Asosiasi Rantai Pendingin Indonesia (ARPI) mencatat permintaan terhadap produksi rantai pendingin tumbuh sampai dengan 10 persen secara tahunan pada kuartal I/2022 dibandingkan dengan periode yang sama di tahun sebelumnya.
"Jadi tahun ini kita lebih optimis dan seperti minimarket juga sudah banyak yang booking transportasi pendingin," jelas Ketua Umum ARPI Hasanuddin Yasni di Jakarta, Rabu (18/5/2022).
Kendati demikian, pertumbuhan tersebut masih lebih rendah jika dibandingkan dengan level prapandemi. Saat ini, industri rantai pendingin belum sepenuhnya kembali ke level prapandemi.
Secara keseluruhan 2022, ARPI menargetkan pertumbuhan industri rantai pendingin mencapai 25-30 persen secara tahunan. Yasni mengatakan kinerja industri akan lebih bisa digenjot pada paruh kedua 2022.
"Kita akan ngebut di semester II. Target bisa mencapai sekitar 25 persen," jelasnya.
Baca Juga
Selain itu, selama Ramadan dan Lebaran 2022, permintaan terhadap pengiriman barang dengan pendingin ikut naik mengikuti tingginya permintaan pengirimang barang secara online.
Yasni mencatat pemesanaan untuk jasa pengiriman barang naik 20 persen selama Ramadan dan Lebaran jika dibandingkan dengan hari-hari biasa. Dia mengatakan pengiriman barang setiap harinya selama periode tersebut naik menjadi 5,5 juta paket consumer goods per hari, dari hari biasa sekitar 4,4 juta paket per hari.
Dari 5,5 juta paket per hari yang dikirimkan, 50 persennya berada di wilayah Jabodetabek.
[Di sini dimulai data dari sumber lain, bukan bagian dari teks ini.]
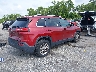 1C4PJLCB2HW****** Salvage and Wrecked 2017 Jeep Cherokee in Florida State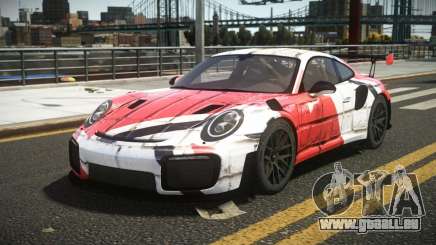 Porsche 911 GT2 G-Racing S10 für GTA 4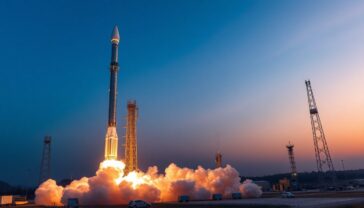 zhuque 3 di landspace un lancio di successo nonostante il fallimento del recupero 1764794253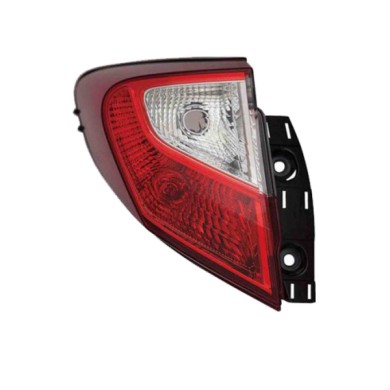 SX_SCRITTA_LOGO.jpg Fanale Posteriore Toyota C-Hr Van Dal 2016 Sinistro Senza Portalampada Gruppo Ottico Esterno Led Wy21W T. Fa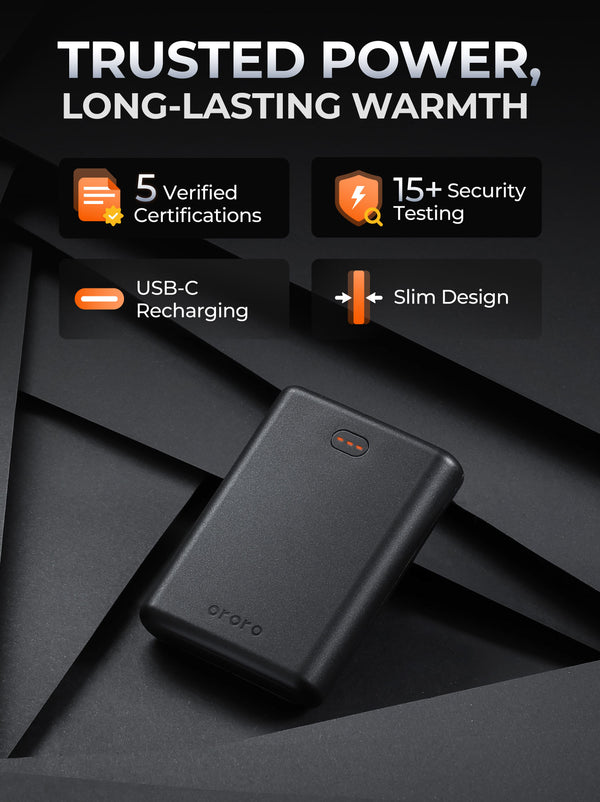 Ororo B25A Battery | Accessories | Ororo®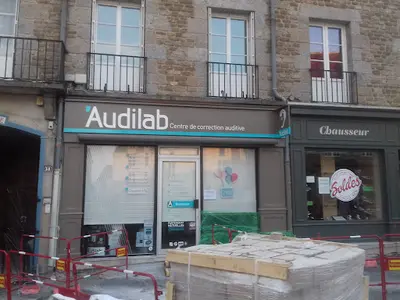 Audilab / Audioprothésiste Alençon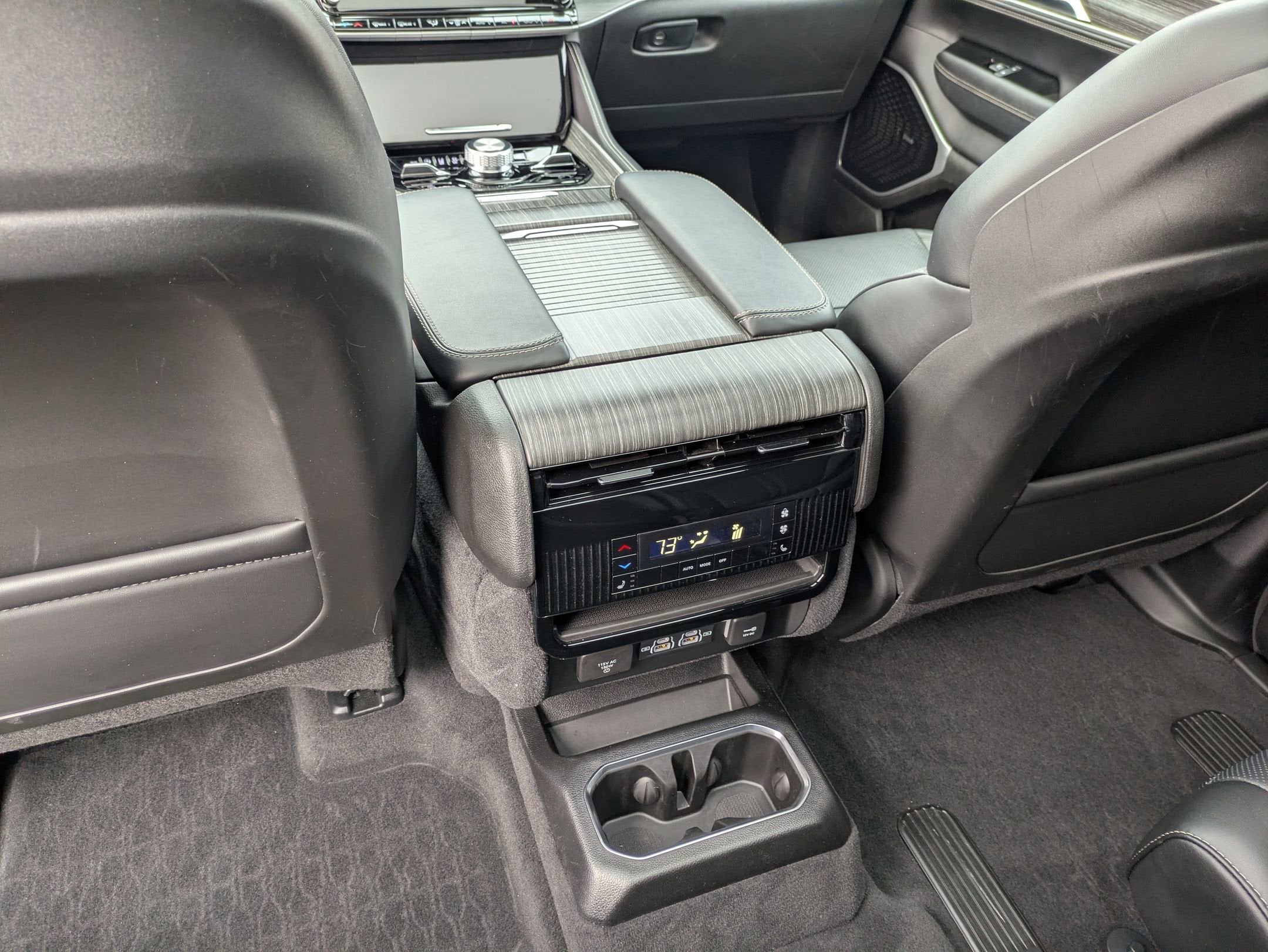 2024 Jeep Wagoneer Series III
Sementara itu, 10 persen dari barang yang dikirimkan di wilayah Jabodetabek tersebut menggunakan pendingin atau sebanyak 500.000 paket per hari. Mayoritas paket yang dikirim dengan pendingin yakni berbentuk makanan beku atau frozen food.
"Jadi 500.000 order [paket] per hari, dengan yang hanya bisa dilayani sekitar 200.000," tutur Yasni.
Yasni mengatakan kapasitas pengiriman dengan pendingin yang masih rendah tersebut juga bisa dinilai menjadi tanda bahwa masih minimnya digitalisasi pada industri rantai pendingin.